WHAT THE EXERCISE ASKS:
Repeat the entries below word for word, though any picture in them should be dropped.
################
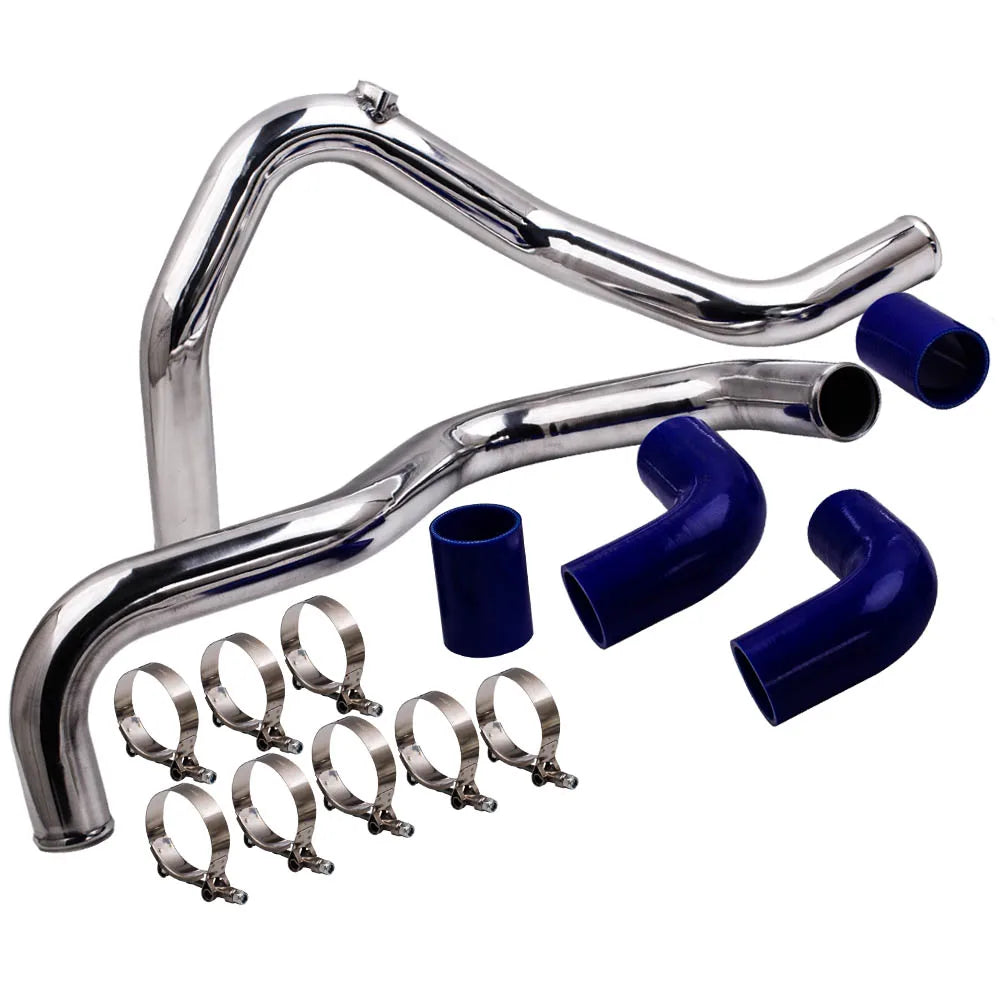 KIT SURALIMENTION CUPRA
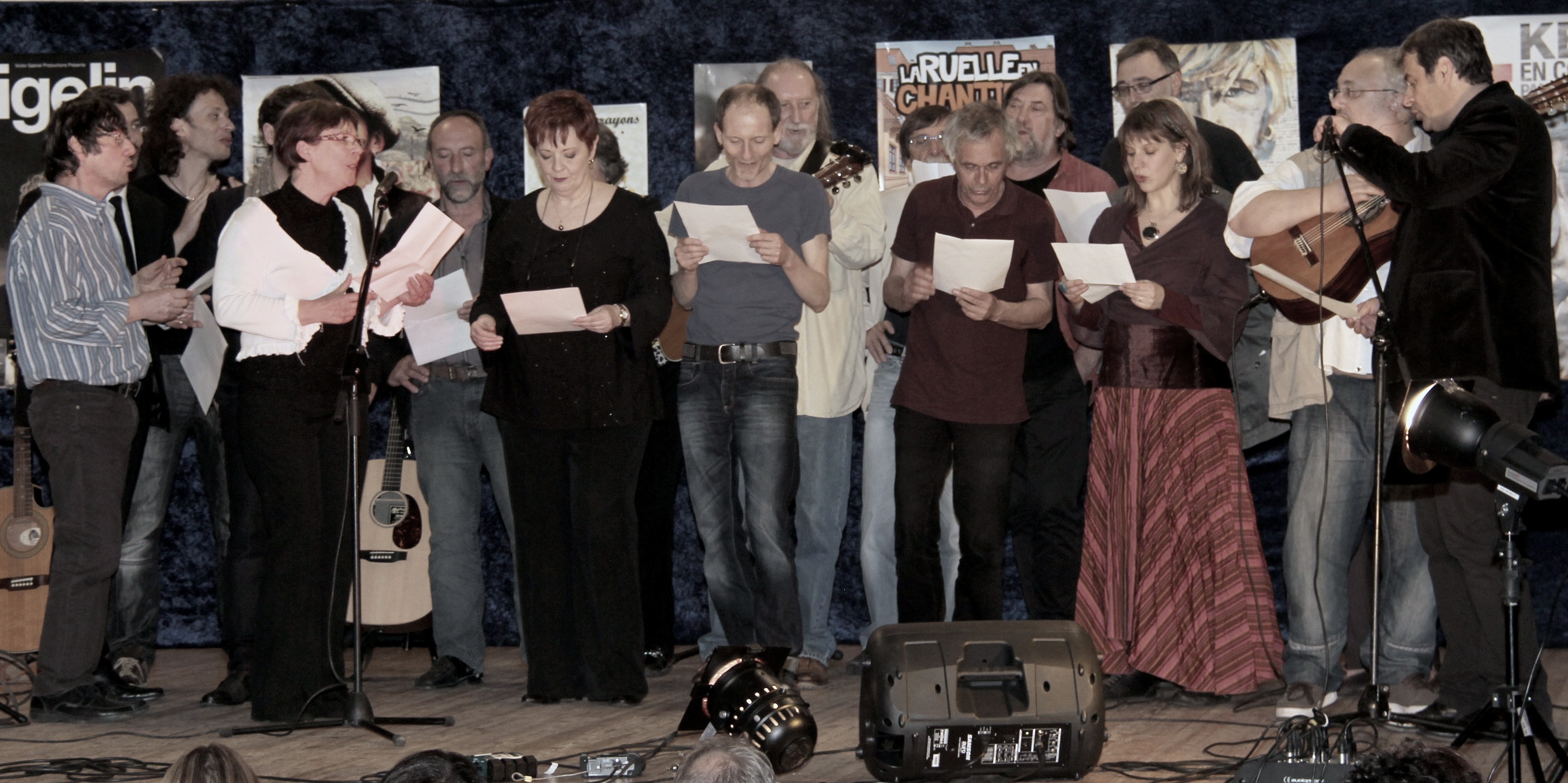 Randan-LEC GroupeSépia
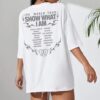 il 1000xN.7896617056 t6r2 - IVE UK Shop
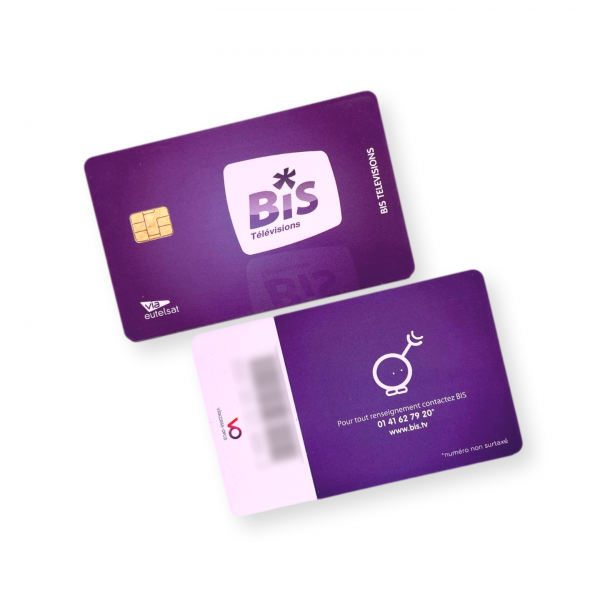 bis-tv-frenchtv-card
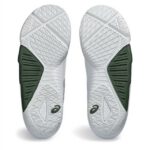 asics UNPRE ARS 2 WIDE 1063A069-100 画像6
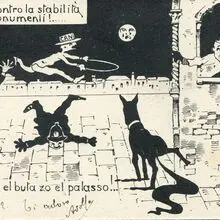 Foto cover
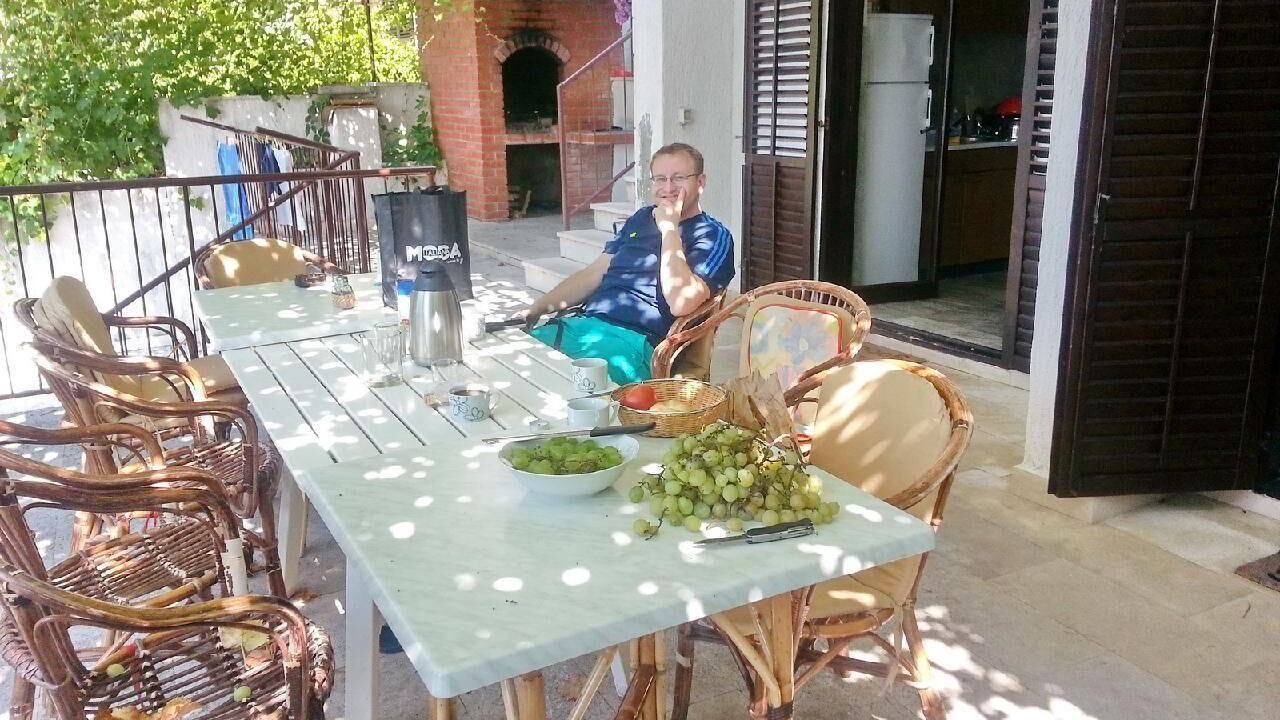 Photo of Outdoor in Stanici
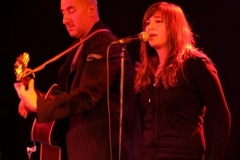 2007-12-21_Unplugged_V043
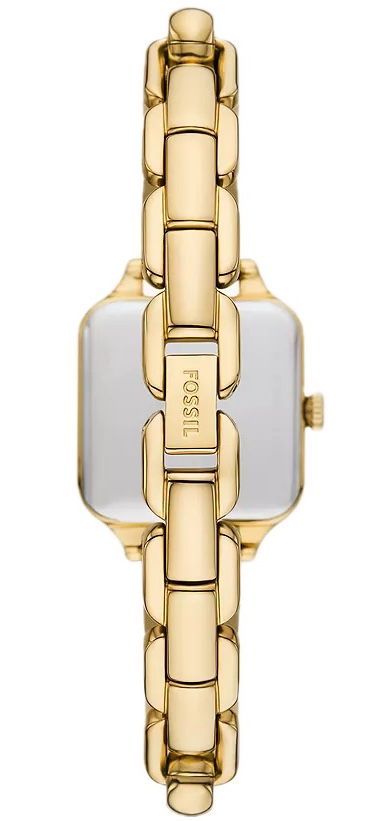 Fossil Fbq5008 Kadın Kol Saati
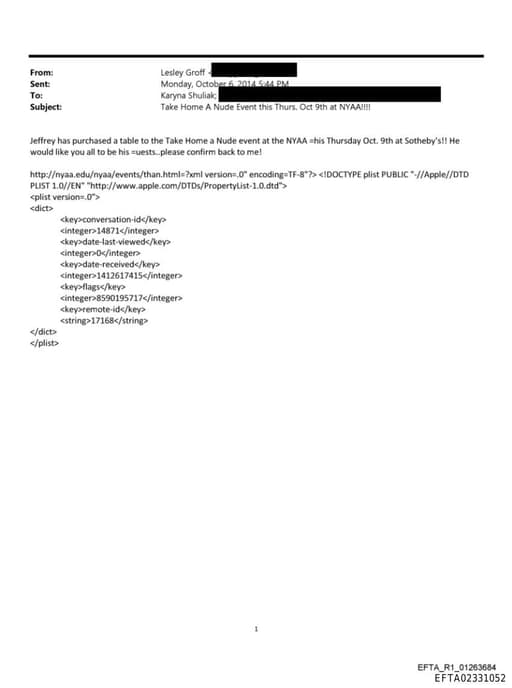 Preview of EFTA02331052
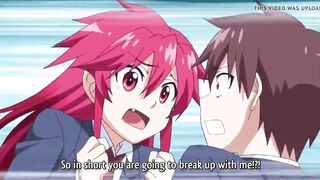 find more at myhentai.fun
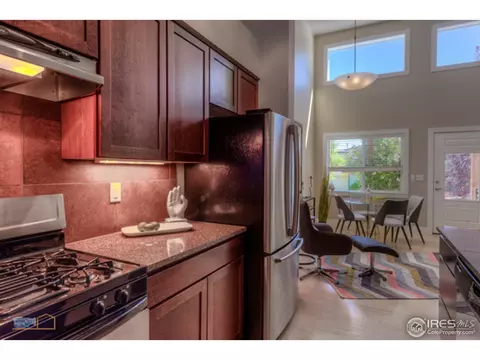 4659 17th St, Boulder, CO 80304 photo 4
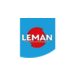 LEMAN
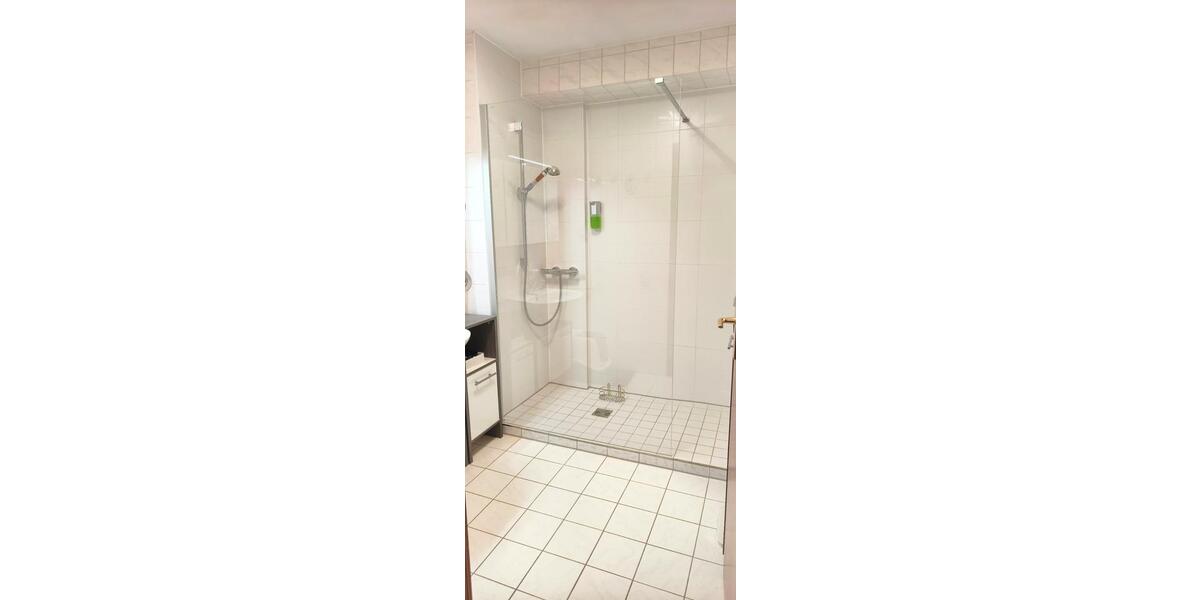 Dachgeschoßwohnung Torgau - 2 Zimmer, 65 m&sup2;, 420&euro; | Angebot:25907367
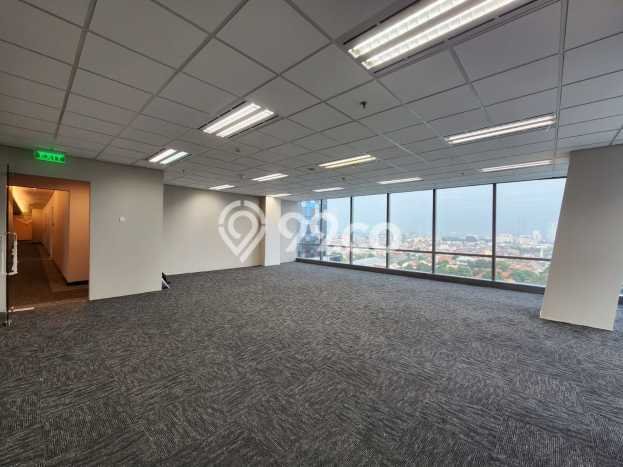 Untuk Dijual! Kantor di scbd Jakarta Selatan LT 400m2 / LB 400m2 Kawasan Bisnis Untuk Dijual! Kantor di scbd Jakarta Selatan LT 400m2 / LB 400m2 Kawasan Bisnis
################
TASK SOLUTION:
 KIT SURALIMENTION CUPRA
 Randan-LEC GroupeSépia
 il 1000xN.7896617056 t6r2 - IVE UK Shop
 bis-tv-frenchtv-card
 asics UNPRE ARS 2 WIDE 1063A069-100 画像6
 Foto cover
 Photo of Outdoor in Stanici
 2007-12-21_Unplugged_V043
 Fossil Fbq5008 Kadın Kol Saati
 Preview of EFTA02331052
 find more at myhentai.fun
 4659 17th St, Boulder, CO 80304 photo 4
 LEMAN
 Dachgeschoßwohnung Torgau - 2 Zimmer, 65 m&sup2;, 420&euro; | Angebot:25907367
 Untuk Dijual! Kantor di scbd Jakarta Selatan LT 400m2 / LB 400m2 Kawasan Bisnis Untuk Dijual! Kantor di scbd Jakarta Selatan LT 400m2 / LB 400m2 Kawasan Bisnis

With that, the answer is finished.